ただ、コーナーでペースを引き上げたいジャックドールにとっては、「後続がどこまでピッタリと追走してくるのか」がカギにはなるのでしょう。あまり仕掛けを待ちすぎると、ノースブリッジやマリアエレーナあたりが早めに動いてきそうですし、過去に東京二千m戦で好内容のレースを続けていた時ほどには、楽な戦いにならないような気もしています。
ただし、後続が互いにけん制し合って仕掛けが遅れるパターンもありますから、そうなったときには、一定の確率で前の馬が残るケースも考えられなくはありません。ただ、その確率がどこまでか、と考えると、過度な期待まではどうなのかと思ってしまいますけどね。
こうやってさまざまな角度からレースをシミュレーションしてみると、やはり正確な未来予想図を描くのは非常に難しい作業であることが、とてもよくわかります。

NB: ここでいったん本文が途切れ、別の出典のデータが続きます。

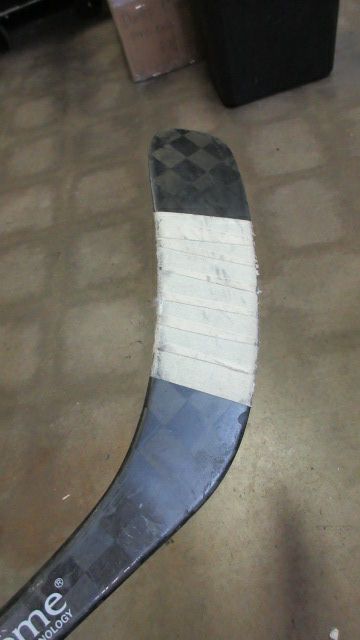 Load image into Gallery viewer, Used Bauer Vapor X:60 Stick&#39;um Hockey Stick - crack
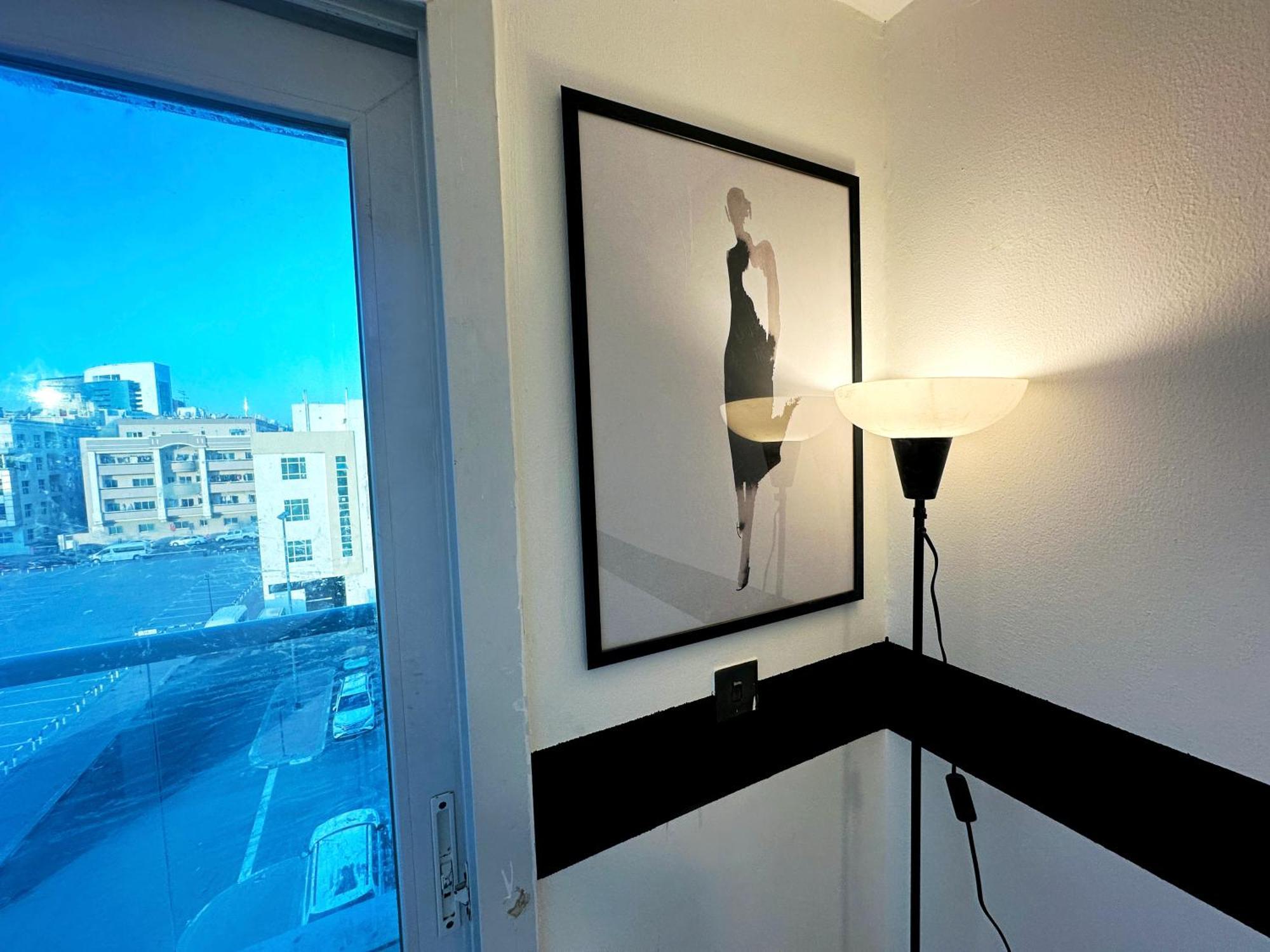 Cozy Corner Partition Near Burjuman Metro Homestay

ならば最後は、ここでも通用するポテンシャルがあって、「ポツン、ポツン、ゴチャ」っとなりそうな展開がビタっとハマりそうな馬を狙うのが妥当。そんな結論にならざるを得ないのでしょう。
いや~、今年のGⅠは本当に難しいレースが続きますね。
ということで、最後に個人的な見解を。
私の理解では、昨年の4着馬サンレイポケットは、どう乗っても上位3頭には敵わなかったであろうという中で、6着ポタジェよりも厳しい競馬をしていながらの先着。さらに同馬が、次走のジャパンカップでシャフリヤールと接戦に持ち込んだことを踏まえても、ポタジェを筆頭とした大阪杯組のほか、シャフリヤールを含めた古馬陣は、はたして本当に実績上位と言えるのかどうか、甚だ疑問に思うのですよね。

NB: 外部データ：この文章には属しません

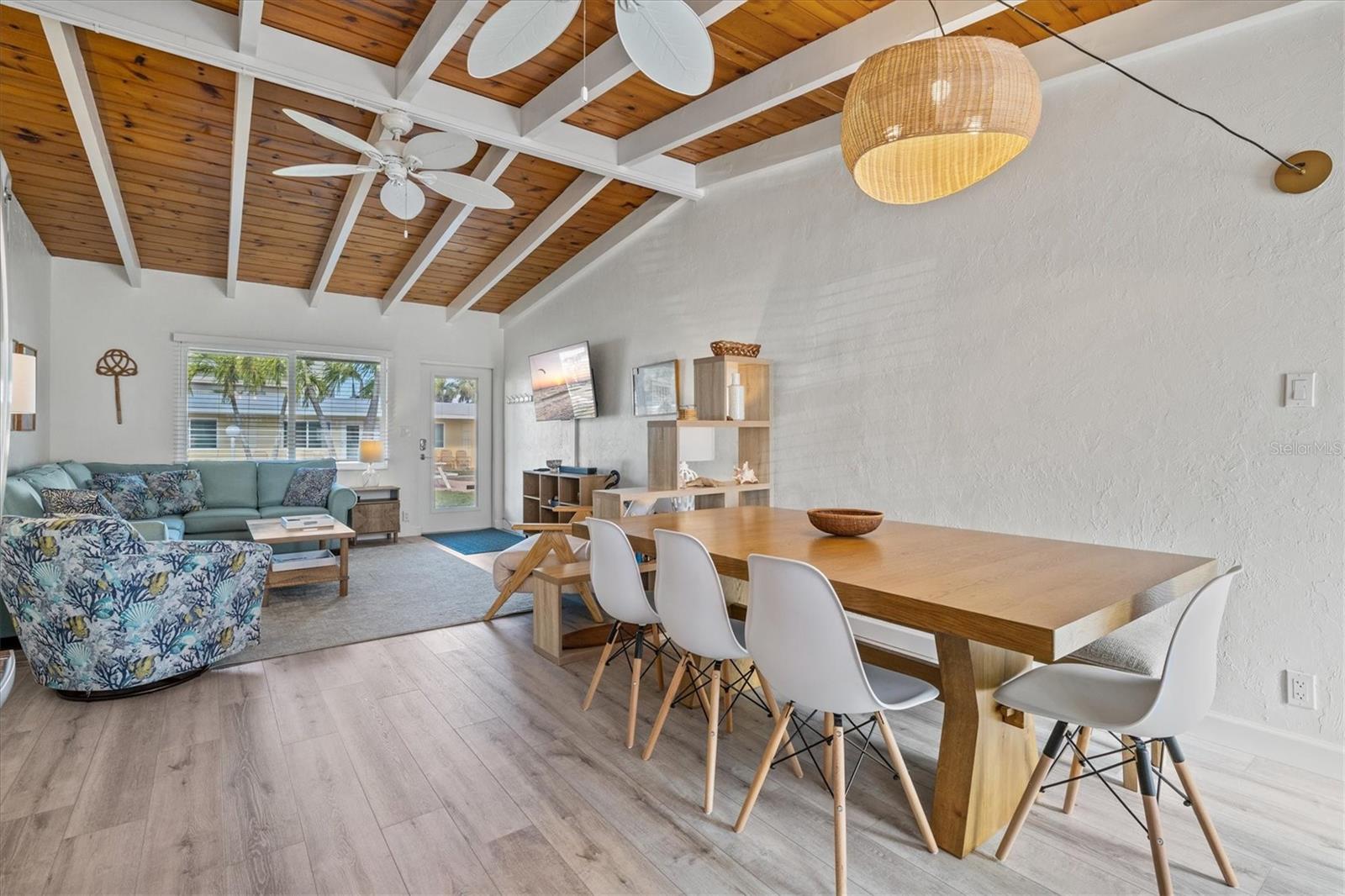 Image 13 of 66 For 6006 Midnight Pass Road 44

加えて札幌記念の1,2着馬は、それぞれ大阪杯、宝塚記念で馬券圏内を外し、昨年のこのレースの5着馬ヒシイグアスに先着を許しているわけですから、各レースのペースの違いなどを考慮しても、率直に言って、古馬の人気上位組が抜けて強いとは到底思えません。
このあたりの馬たちと…なら、夏のハンデ重賞を強い内容で勝ってきたマリアエレーナやカラテあたりでも、互角の戦いは可能でしょうから、そもそも古馬上位という見立てにはならないですし、さらに古馬の中でのポテンシャル比較も相当難しい。そう言わざるを得ないのでしょう。
ということは、3歳馬優勢の見立てで予想を組むほかなさそうなのですが、こちらはこちらで、「仕上がり面がどうか」という点に不安要素がまったくないとは言えません。
ただし、ダノンベルーガとイクイノックスの2頭の関しては、春も万全な状態で戦っていたとは言い難いので、仮に馬体面で目立った成長が見られなくても、精神面で走れる状態にあるようなら、好勝負する可能性はソコソコ高いようにも思えます。
自信満々に「3歳馬上位」と言い放てるほどの確信はありませんけど、さまざまな要素を総合的に考慮すると、どうしてもそんな結論になってしまうのかな、と。
で、もってここは、秘めたるポテンシャルの高さとコース適性を重視して、⑤ダノンベルーガを中心視することにしたいと思います。
このメンバーの中で、「過去に最上位のパフォーマンスを示した馬は?」と自らに問うてみると、真っ先に思い出すのは共同通信杯当時のダノンベルーガなんですよね。
皐月賞は、初の右回りで馬場の悪い内を回らされる競馬、ダービーは距離適性がどうだったのかというレースぶりで、ともに説明できる敗因はありましたから、レース条件が一気に好転するここは、デビュー2戦目でジオグリフを子ども扱いしたあの共同通信杯のレースぶりを再評価すべき。そう考えました。
2番手には、①マリアエレーナを抜擢します。
この馬は、ここ2走のレースぶりから、今年に入ってから確実に力を付けていることがよくわかりますし、今は右回りでも走れますが、もともとはサウスポーだったことを考えると、この東京替わりは歓迎材料になりますから。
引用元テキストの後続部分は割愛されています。